### WHAT THE TASK REQUIRES
Every line of the data should be output word for word.

┌─ DATA BELOW

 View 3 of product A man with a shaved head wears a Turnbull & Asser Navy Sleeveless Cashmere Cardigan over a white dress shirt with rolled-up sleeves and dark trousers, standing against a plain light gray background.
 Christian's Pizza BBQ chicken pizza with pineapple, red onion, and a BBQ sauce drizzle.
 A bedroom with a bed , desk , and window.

└─

### COMPLETED TASK
 View 3 of product A man with a shaved head wears a Turnbull & Asser Navy Sleeveless Cashmere Cardigan over a white dress shirt with rolled-up sleeves and dark trousers, standing against a plain light gray background.
 Christian's Pizza BBQ chicken pizza with pineapple, red onion, and a BBQ sauce drizzle.
 A bedroom with a bed , desk , and window.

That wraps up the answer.